If you're generating sequences of tokens to be given as input to another macro, then you're in for some pain.

The basics

Macro invocations like a!(b!()) are expanded from the outside only; first a! is expanded (receiving the literal tokens b ! ()), and then once that is finished, if any macro invocations are left in the output, those get expanded.

In other words, println!("{}", b!()) works precisely because it does not attempt to "eval" b!().

Getting around this limitation is... fun.

Uh... "fun"?

Here's a place where I used a cartesian product in one of my own macros.
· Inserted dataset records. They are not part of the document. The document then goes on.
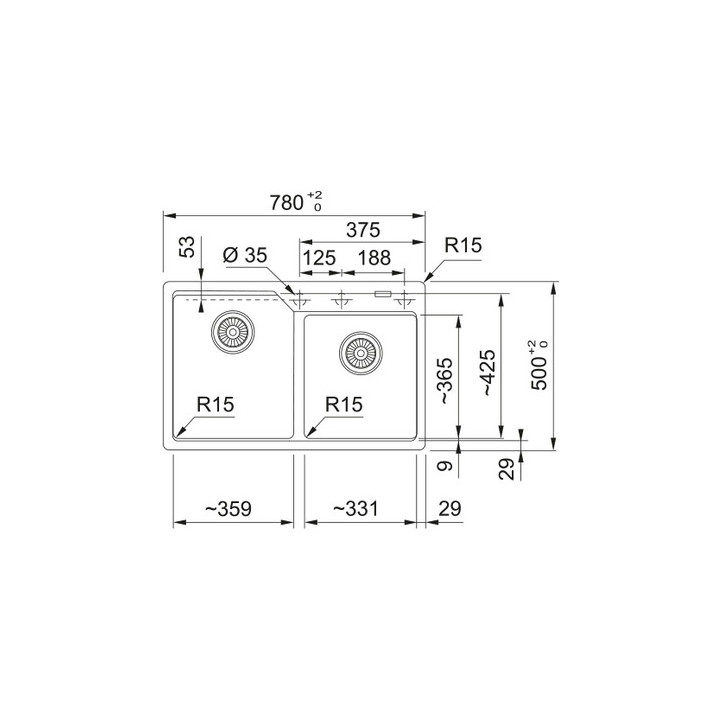 Zlewozmywak wbudowywany, Franke Urban UBG 620-36-33  , biały polarny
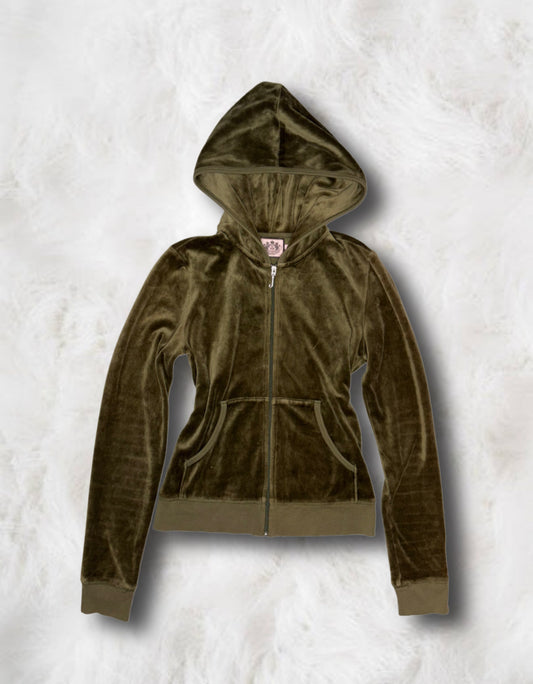 Juicy Couture Olive Green x Gold Glitter 2 Piece Tracksuit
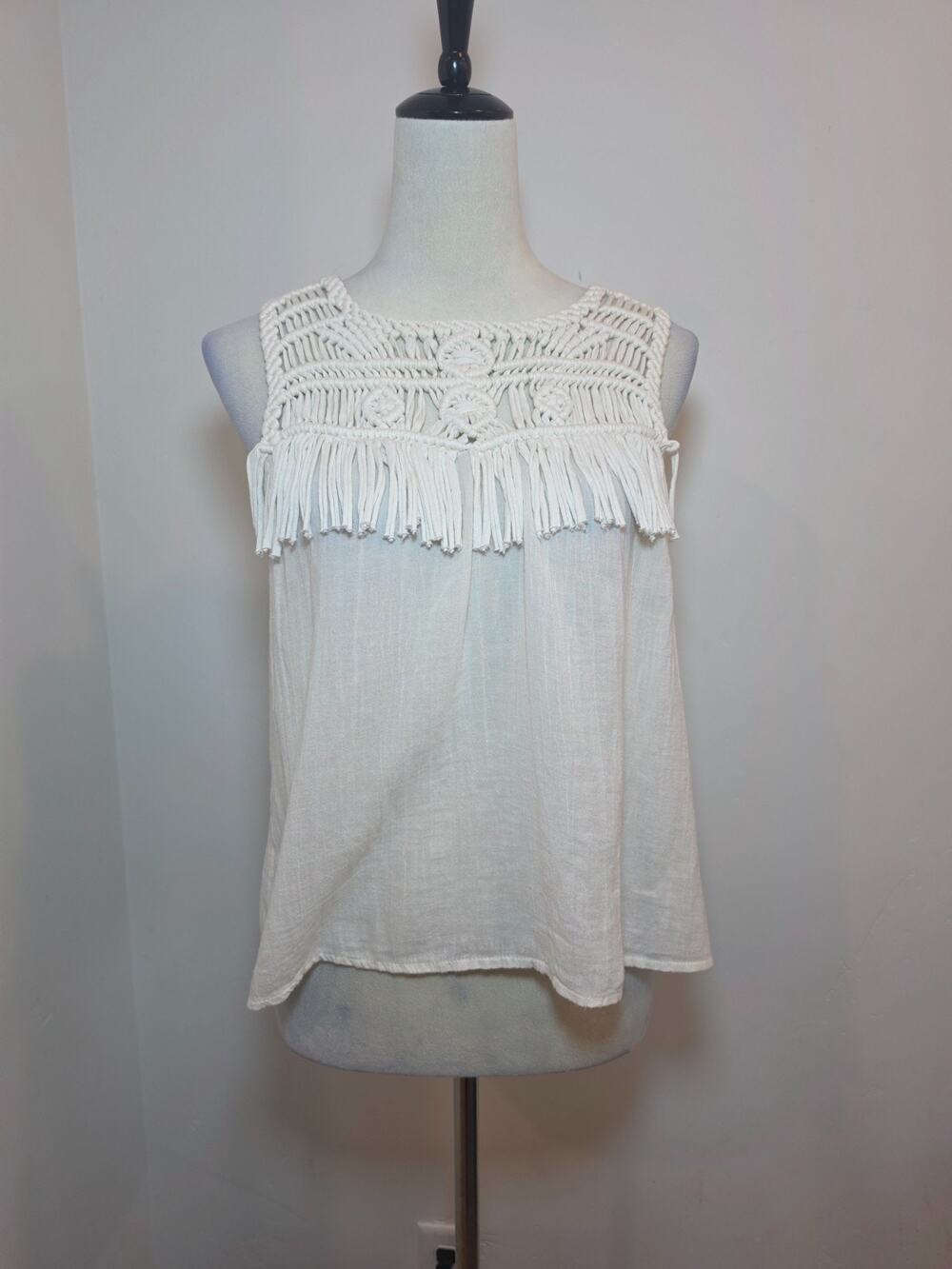 Aerie Crochet Top XS Macrame White Gauze
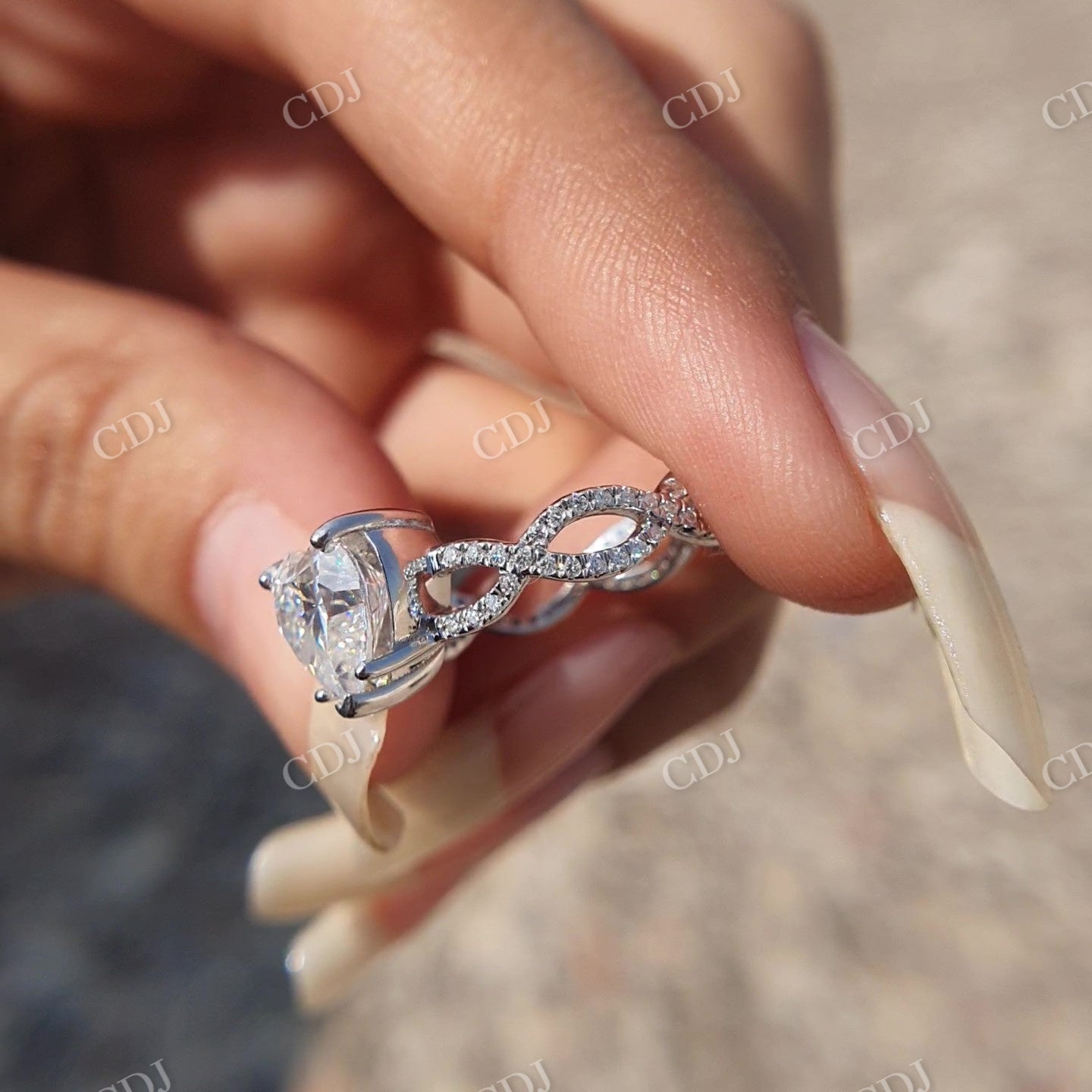 Twisted Band Heart Cut Moissanite Engagement Ring  customdiamjewel   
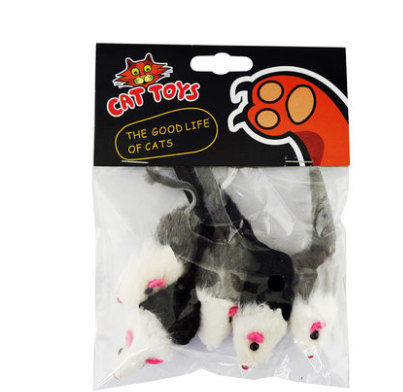Five fake mouse cat toys with white bodies, grey or black backs, pink ears, black eyes, and red noses. - Image 5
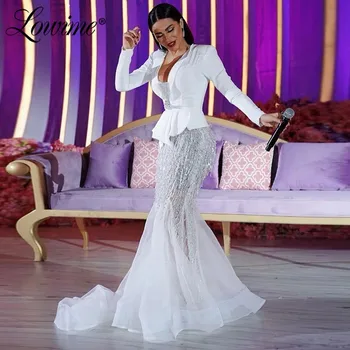 Lähis-Ida Naised Celebrity Kleidid Mermaid Dubai Disain Käsitsi Valmistatud Kristallid Profileerimine Pluss Suurus Pikk Saudi Araabia Poole Hommikumantlid 2021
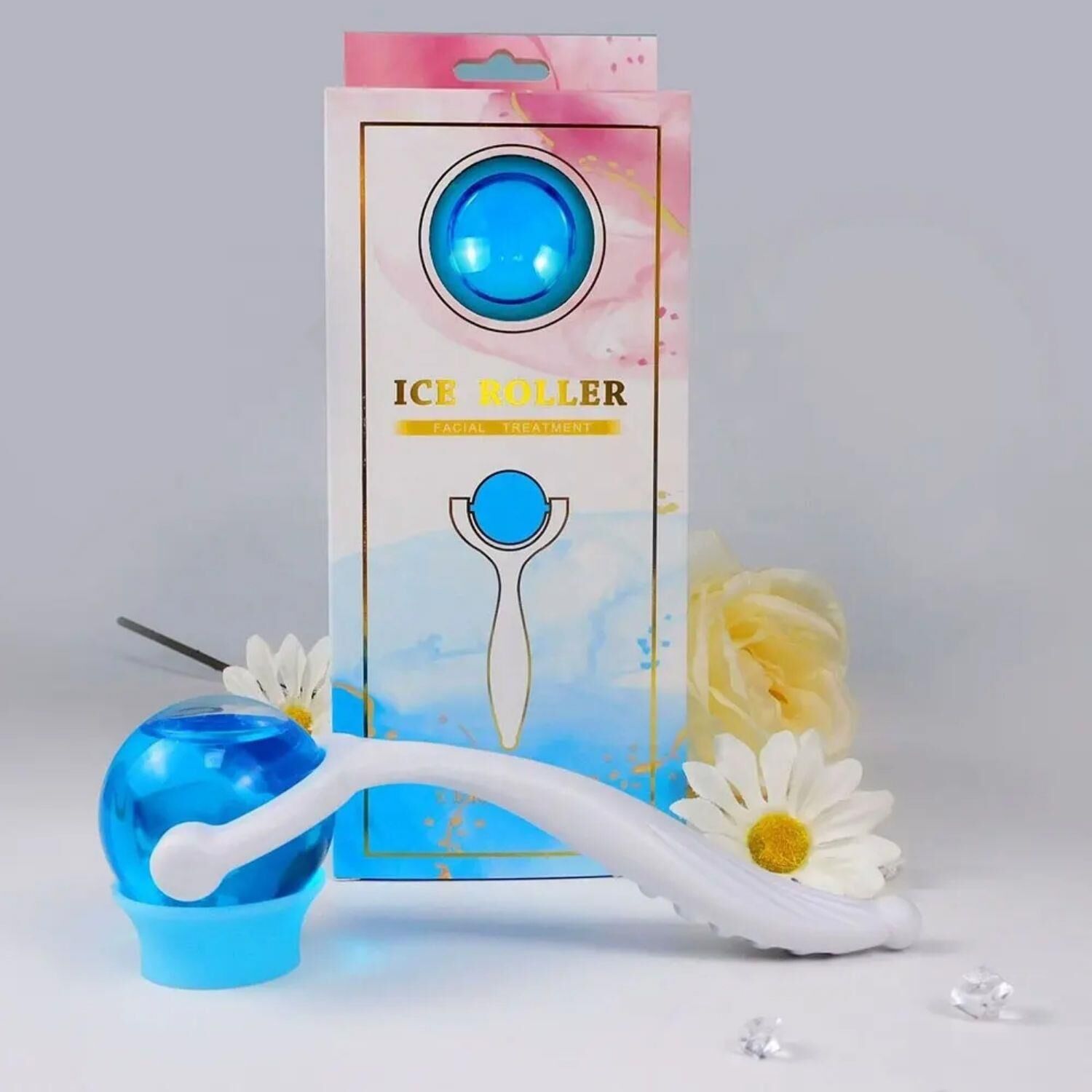 Face Yoga İce Roller Sıcak ve Soğuk Gua Sha Yüz Masaj Silindiri Mavi Renk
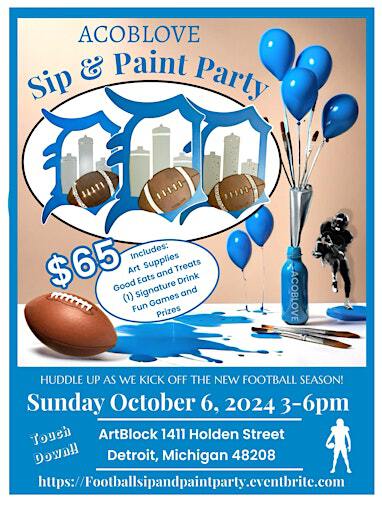 Football Fans of Detroit Sip and Paint Party | ArtBlock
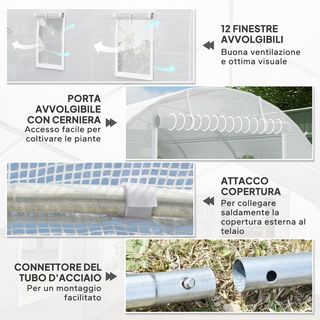 Invernadero de Jardín en Forma de Túnel 8X3X2 M con Puertas Enrollables y 12 Ventanas, Invernadero para Huerto con 4 Refuerzos Diagonales, Estructura de Acero y Cubierta de PE, para Huerto de Verd...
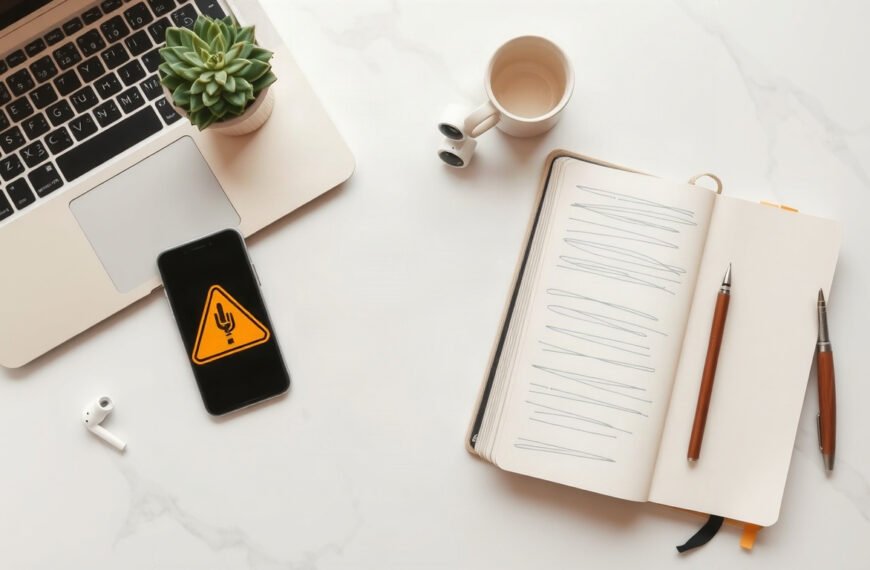 기고 보이스피싱 - flat lay of smartphone with warning sign and money on white desk, voice phishing prevention concept 2026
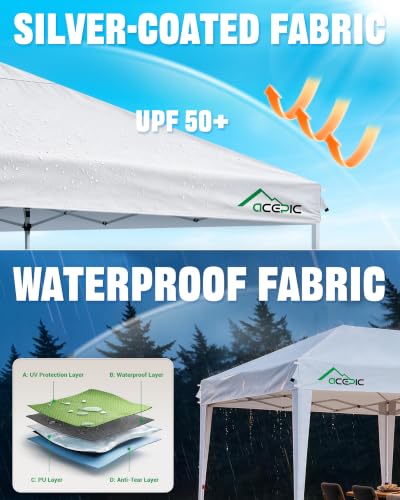 Image of 10x20 Pop Up Canopy Tent One Push Easy Setup Outdoor Party, White | Waterproof PA Silver Oxford with Sealed Seam& 4 Sandbags, One Push Canopy for Parties, Weddings, Backyard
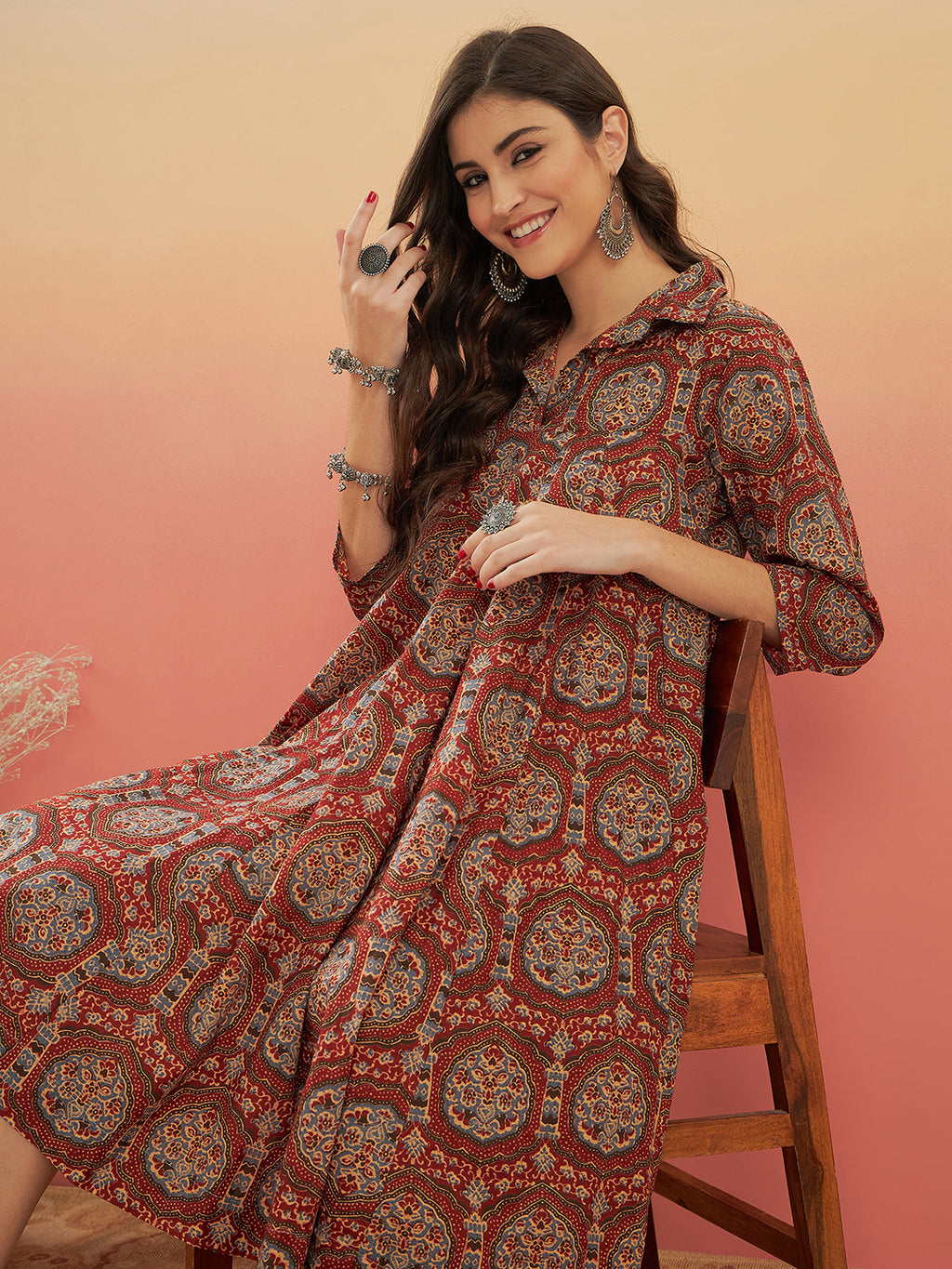 InWeave Women's Maroon Mughal Kalamkari Flared Dress - Distacart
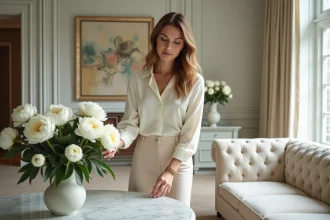 Femme élégante arrangeant des pivoines blanches dans un salon raffine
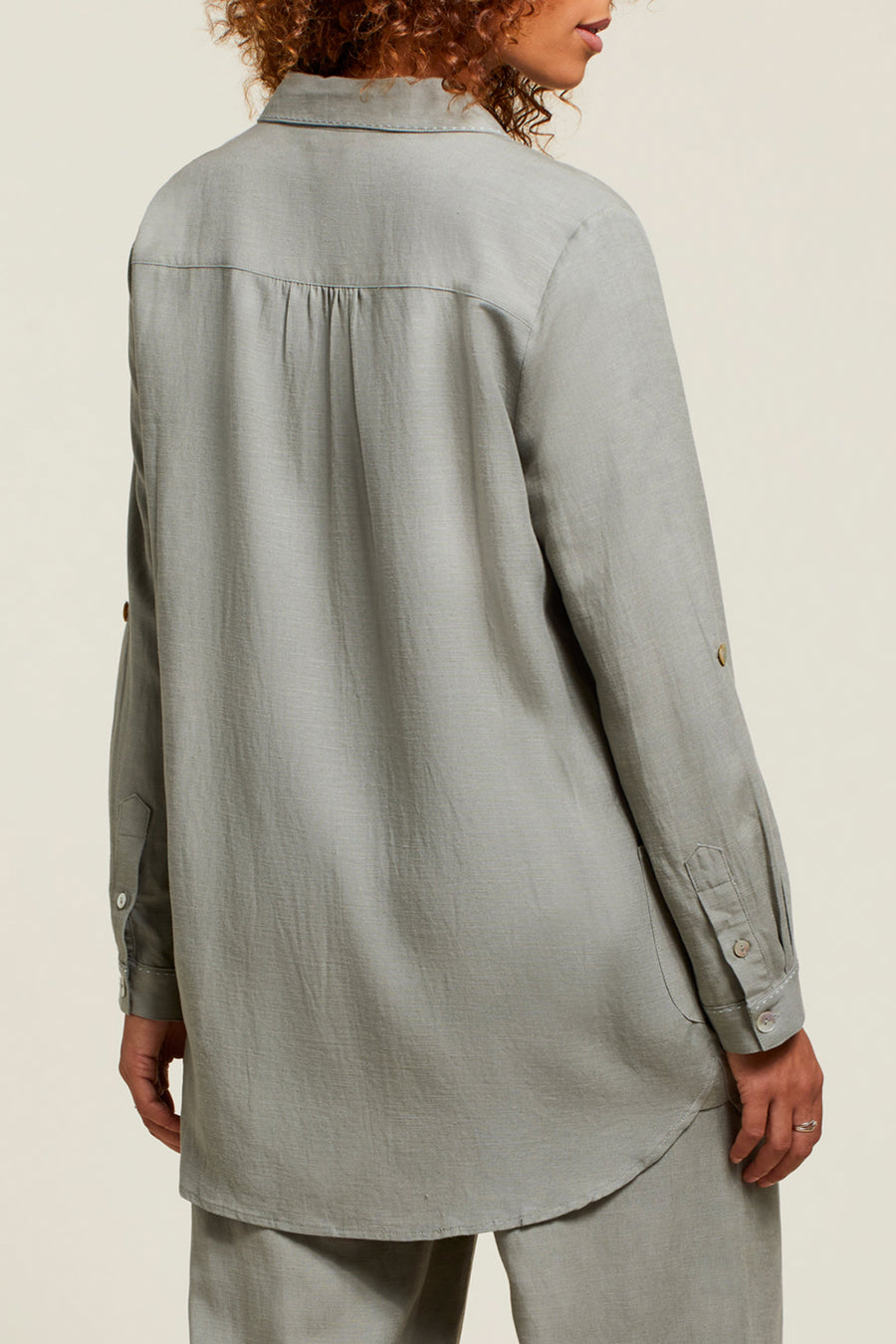 TR1290o Rolled Up Long Sleeve Tunic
It gradually turns something like this...

// (note: in the source linked above this is written as
//  newtype_ops__!{@product::next(...) -> ()}
//  simply to avoid macro namespace pollution)
product_next!{ ({a b c} {A B}) -> () }

...into this...

product_next!{ ({A B}) -> (a) }
product_next!{ ({A B}) -> (b) }
product_next!{ ({A B}) -> (c) }

...into this...

product_next!{ () -> (a A) }
product_next!{ () -> (a B) }
product_next!{ () -> (b A) }
product_next!{ () -> (b B) }
product_next!{ () -> (c A) }
product_next!{ () -> (c B) }

...and then into this...

interpret!{ (a A) }
interpret!{ (a B) }
interpret!{ (b A) }
interpret!{ (b B) }
interpret!{ (c A) }
interpret!{ (c B) }

which then continues on with the next step. Note that for your use case you probably want the expansion to be more like this: (thankfully this is equally possible)

product_next!{ ({a b c} {A B}) -> (()) }
product_next!{         ({A B}) -> ((a) (b) (c)) }
product_next!{              () -> ((a A) (a B) (b A) (b B) (c A) (c B)) }
interpret!{ (a A) (a B) (b A) (b B) (c A) (c B) }

The key thing to notice here is that we never let a macro "finish". The product_next macro directly calls the interpret! macro. At all times, all of our partially built expressions are safely contained inside macro argument lists where they won't be evaluated.

Of course, this technique doesn't scale well. If you have n macros that need a cartesian product, you would need to implement the cartesian product n times! The alternative is to write one cartesian product macro which takes a callback; but I'd be cautious about making it too general, as it can be quite a grueling experience to debug.

One more thing

Comma-separated lists of token trees are just silly (individual token trees need no delimiters). You probably want $($T:ty),* if you're parsing types.